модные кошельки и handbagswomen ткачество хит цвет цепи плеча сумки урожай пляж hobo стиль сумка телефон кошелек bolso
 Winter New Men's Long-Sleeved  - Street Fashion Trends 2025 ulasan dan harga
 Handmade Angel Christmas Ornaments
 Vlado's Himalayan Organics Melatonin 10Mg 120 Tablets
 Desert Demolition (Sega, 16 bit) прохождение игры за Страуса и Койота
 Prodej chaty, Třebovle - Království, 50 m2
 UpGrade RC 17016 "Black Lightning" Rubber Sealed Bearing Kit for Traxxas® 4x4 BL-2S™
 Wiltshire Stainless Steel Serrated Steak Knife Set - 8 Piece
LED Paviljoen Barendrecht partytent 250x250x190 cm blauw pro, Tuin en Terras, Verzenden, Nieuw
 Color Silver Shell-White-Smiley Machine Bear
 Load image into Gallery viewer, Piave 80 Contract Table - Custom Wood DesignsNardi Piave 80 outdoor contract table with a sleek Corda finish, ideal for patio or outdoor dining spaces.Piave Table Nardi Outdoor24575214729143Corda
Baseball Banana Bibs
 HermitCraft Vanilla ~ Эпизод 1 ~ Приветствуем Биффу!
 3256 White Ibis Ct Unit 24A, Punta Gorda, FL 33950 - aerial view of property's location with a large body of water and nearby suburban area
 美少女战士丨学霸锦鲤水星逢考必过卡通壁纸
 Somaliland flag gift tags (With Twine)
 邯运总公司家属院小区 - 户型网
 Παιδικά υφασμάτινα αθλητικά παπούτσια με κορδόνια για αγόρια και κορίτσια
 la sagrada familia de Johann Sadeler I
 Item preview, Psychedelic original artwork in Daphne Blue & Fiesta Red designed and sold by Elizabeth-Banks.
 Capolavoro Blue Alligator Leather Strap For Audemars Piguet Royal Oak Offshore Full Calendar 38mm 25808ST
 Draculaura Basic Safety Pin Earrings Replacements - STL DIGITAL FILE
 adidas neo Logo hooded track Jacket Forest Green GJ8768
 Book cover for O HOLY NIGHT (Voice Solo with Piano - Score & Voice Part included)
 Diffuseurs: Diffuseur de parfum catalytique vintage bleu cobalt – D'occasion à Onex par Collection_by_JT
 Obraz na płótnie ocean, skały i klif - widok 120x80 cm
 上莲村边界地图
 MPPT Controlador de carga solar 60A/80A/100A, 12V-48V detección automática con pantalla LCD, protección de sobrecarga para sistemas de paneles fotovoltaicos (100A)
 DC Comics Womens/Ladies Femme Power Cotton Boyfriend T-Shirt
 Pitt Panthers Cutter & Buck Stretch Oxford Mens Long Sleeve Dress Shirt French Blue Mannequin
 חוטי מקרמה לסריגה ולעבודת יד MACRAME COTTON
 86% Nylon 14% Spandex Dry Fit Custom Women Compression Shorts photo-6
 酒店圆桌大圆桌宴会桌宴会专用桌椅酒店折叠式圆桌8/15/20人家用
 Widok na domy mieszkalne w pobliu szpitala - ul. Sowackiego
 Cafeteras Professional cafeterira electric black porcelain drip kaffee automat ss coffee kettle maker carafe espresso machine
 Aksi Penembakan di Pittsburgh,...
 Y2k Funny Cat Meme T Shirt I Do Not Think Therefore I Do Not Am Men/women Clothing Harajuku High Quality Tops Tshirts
──────
■ **Goal of the exercise**
This exercise calls for every record above to be written out again exactly.

■ **Finished exercise**
модные кошельки и handbagswomen ткачество хит цвет цепи плеча сумки урожай пляж hobo стиль сумка телефон кошелек bolso
 Winter New Men's Long-Sleeved  - Street Fashion Trends 2025 ulasan dan harga
 Handmade Angel Christmas Ornaments
 Vlado's Himalayan Organics Melatonin 10Mg 120 Tablets
 Desert Demolition (Sega, 16 bit) прохождение игры за Страуса и Койота
 Prodej chaty, Třebovle - Království, 50 m2
 UpGrade RC 17016 "Black Lightning" Rubber Sealed Bearing Kit for Traxxas® 4x4 BL-2S™
 Wiltshire Stainless Steel Serrated Steak Knife Set - 8 Piece
LED Paviljoen Barendrecht partytent 250x250x190 cm blauw pro, Tuin en Terras, Verzenden, Nieuw
 Color Silver Shell-White-Smiley Machine Bear
 Load image into Gallery viewer, Piave 80 Contract Table - Custom Wood DesignsNardi Piave 80 outdoor contract table with a sleek Corda finish, ideal for patio or outdoor dining spaces.Piave Table Nardi Outdoor24575214729143Corda
Baseball Banana Bibs
 HermitCraft Vanilla ~ Эпизод 1 ~ Приветствуем Биффу!
 3256 White Ibis Ct Unit 24A, Punta Gorda, FL 33950 - aerial view of property's location with a large body of water and nearby suburban area
 美少女战士丨学霸锦鲤水星逢考必过卡通壁纸
 Somaliland flag gift tags (With Twine)
 邯运总公司家属院小区 - 户型网
 Παιδικά υφασμάτινα αθλητικά παπούτσια με κορδόνια για αγόρια και κορίτσια
 la sagrada familia de Johann Sadeler I
 Item preview, Psychedelic original artwork in Daphne Blue & Fiesta Red designed and sold by Elizabeth-Banks.
 Capolavoro Blue Alligator Leather Strap For Audemars Piguet Royal Oak Offshore Full Calendar 38mm 25808ST
 Draculaura Basic Safety Pin Earrings Replacements - STL DIGITAL FILE
 adidas neo Logo hooded track Jacket Forest Green GJ8768
 Book cover for O HOLY NIGHT (Voice Solo with Piano - Score & Voice Part included)
 Diffuseurs: Diffuseur de parfum catalytique vintage bleu cobalt – D'occasion à Onex par Collection_by_JT
 Obraz na płótnie ocean, skały i klif - widok 120x80 cm
 上莲村边界地图
 MPPT Controlador de carga solar 60A/80A/100A, 12V-48V detección automática con pantalla LCD, protección de sobrecarga para sistemas de paneles fotovoltaicos (100A)
 DC Comics Womens/Ladies Femme Power Cotton Boyfriend T-Shirt
 Pitt Panthers Cutter & Buck Stretch Oxford Mens Long Sleeve Dress Shirt French Blue Mannequin
 חוטי מקרמה לסריגה ולעבודת יד MACRAME COTTON
 86% Nylon 14% Spandex Dry Fit Custom Women Compression Shorts photo-6
 酒店圆桌大圆桌宴会桌宴会专用桌椅酒店折叠式圆桌8/15/20人家用
 Widok na domy mieszkalne w pobliu szpitala - ul. Sowackiego
 Cafeteras Professional cafeterira electric black porcelain drip kaffee automat ss coffee kettle maker carafe espresso machine
 Aksi Penembakan di Pittsburgh,...
 Y2k Funny Cat Meme T Shirt I Do Not Think Therefore I Do Not Am Men/women Clothing Harajuku High Quality Tops Tshirts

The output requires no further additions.